Due to the fact that furnaces have to produce the heat that they are transferring to the spaces needing heat in your home, and the heat pump is just transferring heat from one location to another, the heat pump is a more energy-efficient heating system.
Heat Pumps Heat & Cool Your Home
Although they are named “heat pumps” they can actually be used much like an air conditioner and so they are ideal for use during warm weather. The ability for them to be used for both cooling and heating is perhaps one of their greatest advantages.
When heating your living space, heat pumps transfer heat from the air outside into your home. In order to cool your home, this process is reversed, heat from inside your home is transferred to the outside.
Heat pumps achieve this with the use of a condenser component (that mimics an evaporator), and a refrigerant (like R-4110A). The condenser can then be switched to apply different levels of pressure to the refrigerant, which in turn determines whether it is in cooling or heating mode.
For example, the condenser can then either place the refrigerant under high pressure resulting in condensation, which releases heat resulting in a warming effect. Or, alternatively, it can place the refrigerant under low pressure, resulting in evaporation, which absorbs heat and results in cooling.
Heat Pumps Reducing Global Warming
Believe it or not, but heat pumps are assisting in saving the world. Climate change and global warming are in the news almost daily. It’s a fact that the Earth’s temperature is getting warmer by the year.
Since heat pumps do not use gas, which when burned to heat a furnace release vapors which contribute to air pollution, and rely on very little electric energy to work, they are in fact assisting in reducing global warming.
In other words if the climate you reside allows you to install a heat pump as your HVAC system, you should take advantage of that fact, and do your part to stem global warming.
Heat Pumps are Safer
Unlike many electric heating systems, heat pumps do not rely on the heating up of a metallic element to radiate heat. Instead, they use a refrigerant gas to transfer the heat from one spot to another. For this reason, heat pumps are safer for homes and for use around pets and children.
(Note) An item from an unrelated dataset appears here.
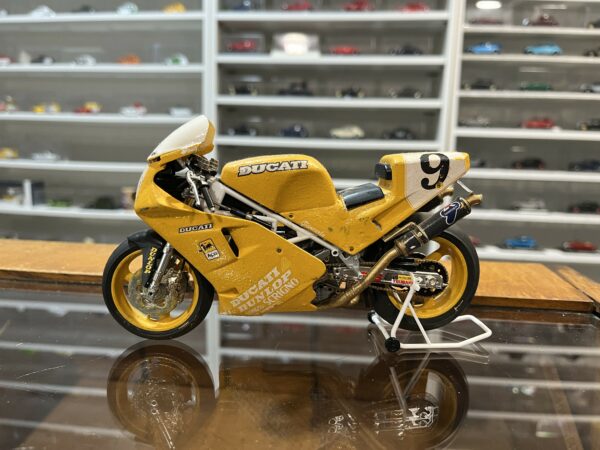 Maquette Ducati 888 Superbike 1/12 Tamiya en l'état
Like almost every other type of heating and cooling system, heat pumps are not perfect and do have a number of disadvantages. As already noted, they are not able to handle extremes in temperature and so are not suitable for those that live in cold climates.
Backup Heating Required
Heat pumps will only operate at their maximum efficiency when they are within a certain temperature window. Typically, they begin to lose their efficiency to transfer heat when the outside temperatures drop below 30 degrees Fahrenheit.
As a result, a backup heating source is required should you face extremes in temperature. Although, having said that there are many modern heat pumps now equipped with heat strips, which can provide some additional heating.
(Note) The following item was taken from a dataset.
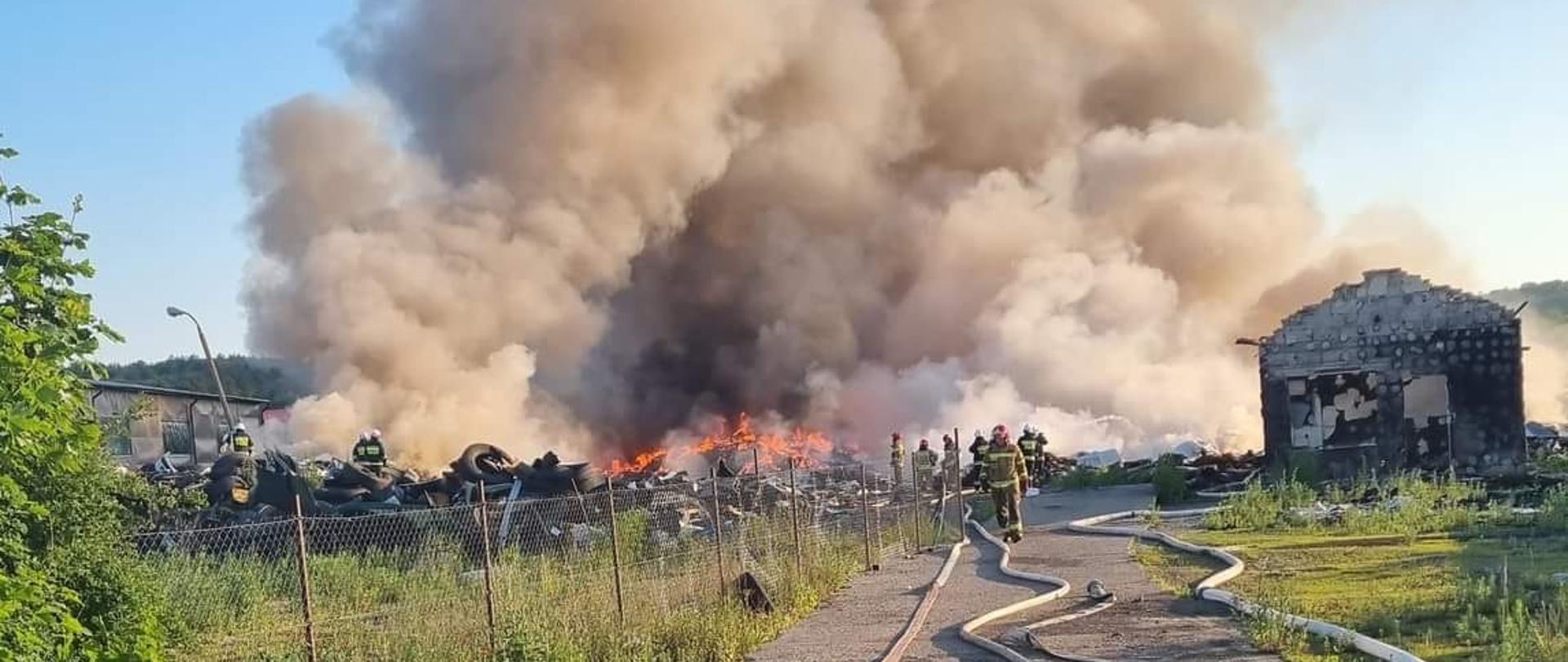 Zdjęcie przedstawia palące się śmieci w Lęborku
Electric heating should always be the last resort for those looking to save. Yet, it’s always a good idea to have an electrical heating backup such as an energy efficient space heater. Although, they are by no means the cheapest devices to operate, for zone heating, they can be used responsibly.
Many heat pumps need to be installed, which can often be a task requiring a professional service. Typically, this involves both the internal and separate external unit being fitted to the walls and the pipework, and wiring being set up, which can often be more work than required to install an air conditioner.
Having said that, it would be unwise to ignore the long term benefits and savings that come with using a heat pump to heat and cool your property instead of standard AC.
Final Thoughts on Heat Pump Pros and Cons
We at HeatTalk are big fans of heat pumps, if you live in a climate suitable for using them year-round. Not only will you be benefitting your family’s well being in the short-run, but the long-term benefits for doing your part to keep climate change at bay is a reason to give a heat pump HVAC system a very deep consideration when looking to update your HVAC system.